Patient Education

To help you understand and navigate through your orthopedic health decisions, we have created a patient education section. Please select from one of the categories below to learn more about your condition or procedure.
Cervical Fracture

A cervical fracture, also known as a broken neck, involves a break in one or more of the seven cervical vertebrae in the neck. This type of injury is serious and potentially life-threatening due to its proximity to the spinal cord and the brainstem.

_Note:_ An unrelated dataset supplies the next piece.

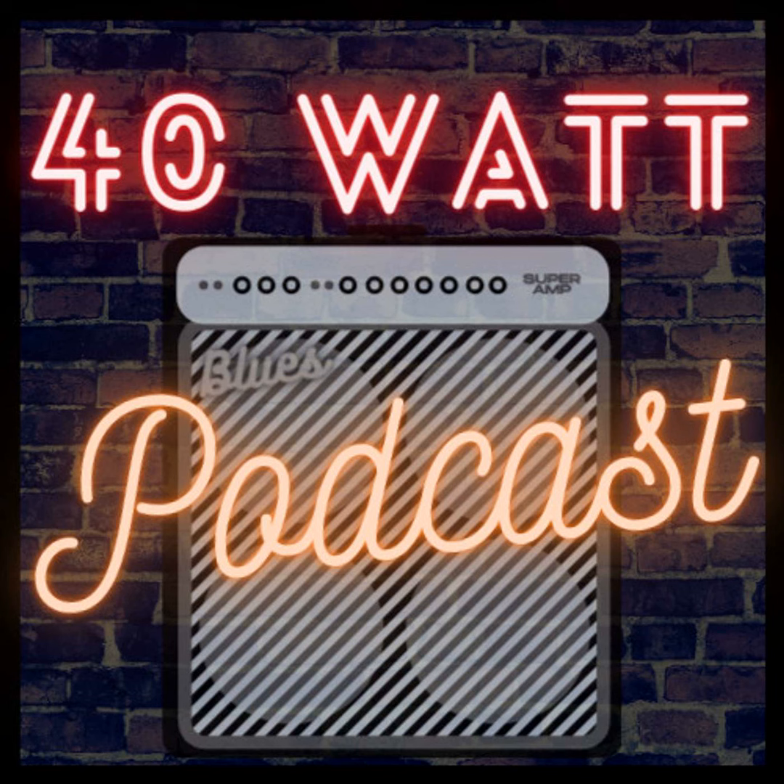Ladies and gentlemen, welcome to the 40 Watt Podcast. Today's episode — you probably saw the name already and I'm sure I mentioned Ryan's name somewhere in it. My guest today is Ryan Burke. But before we get started, I'll do my housekeeping. I've got to do this to pay the bills. If you go to 40WattPodcast.com, you can find the website where I put all the show notes.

Immediate medical attention is critical.

Common Symptoms

  • Severe neck pain: Immediate and intense pain in the neck region.
  • Swelling and bruising: Visible signs around the neck.
  • Limited mobility: Difficulty or inability to move the neck.
  • Numbness or tingling: Sensations in the arms, hands, or legs due to nerve involvement.
  • Weakness or paralysis: In severe cases, affecting the arms or legs.
  • Loss of bladder or bowel control: If the spinal cord is involved.

Cause & Anatomy

Trauma:

  • Motor vehicle accidents: A leading cause due to high-impact collisions.
  • Falls: Especially from significant heights or in elderly individuals with osteoporosis.
  • Sports injuries: High-contact sports or activities with a risk of falling.
  • Violence: Gunshot wounds, stabbings, or severe blows to the neck.

Osteoporosis:

  • Weakened bones that are more susceptible to fractures.

Diagnosis

  • Physical examination: Initial assessment of neurological function and physical condition.
  • Imaging tests:
  • X-rays: To visualize bone fractures.
    • CT scans: Provide detailed images of the cervical vertebrae and can identify the extent of the fracture.
    • MRI: To evaluate soft tissue damage, including the spinal cord and surrounding ligaments.

Prevention

  • Safety measures: Use seat belts, protective sports gear, and fall prevention strategies, especially for the elderly.
  • Bone health: Maintain strong bones through diet, exercise, and, when appropriate, medications to treat osteoporosis.

Treatment

Immediate

  • Immobilization: Use of a cervical collar or brace to prevent further injury.
  • Hospitalization: For observation and further evaluation, particularly if there’s a risk of spinal cord injury.

Non-Surgical

  • Bracing: Use of a cervical collar or halo vest to stabilize the neck while it heals.
  • Medications: Pain relievers and muscle relaxants to manage pain and discomfort.
  • Physical therapy: Once initial healing has occurred, to restore movement and strength.

Surgical

  • Spinal fusion: Fusing two or more vertebrae together to provide stability.
  • Internal fixation: Using metal plates, screws, or rods to stabilize the fractured vertebrae.
  • Decompression: If there’s pressure on the spinal cord or nerves, removing bone fragments or relieving pressure is necessary.

Complications

  • Spinal cord injury: Leading to paralysis or loss of function below the level of injury.
  • Chronic pain: Persistent neck pain even after healing.
  • Nerve damage: Resulting in numbness, tingling, or weakness.
  • Instability: Persistent instability in the neck requiring ongoing treatment or surgery.

Prognosis

  • Recovery: Depends on the severity of the fracture, the specific vertebrae involved, and whether the spinal cord or nerves were affected. Early and appropriate treatment improves outcomes.
  • Rehabilitation: Essential for restoring function, reducing pain, and preventing complications.

FAQ’s

How serious is a cervical fracture?
Cervical fractures are very serious and potentially life-threatening due to the risk of spinal cord injury, which can result in paralysis or death if not promptly treated.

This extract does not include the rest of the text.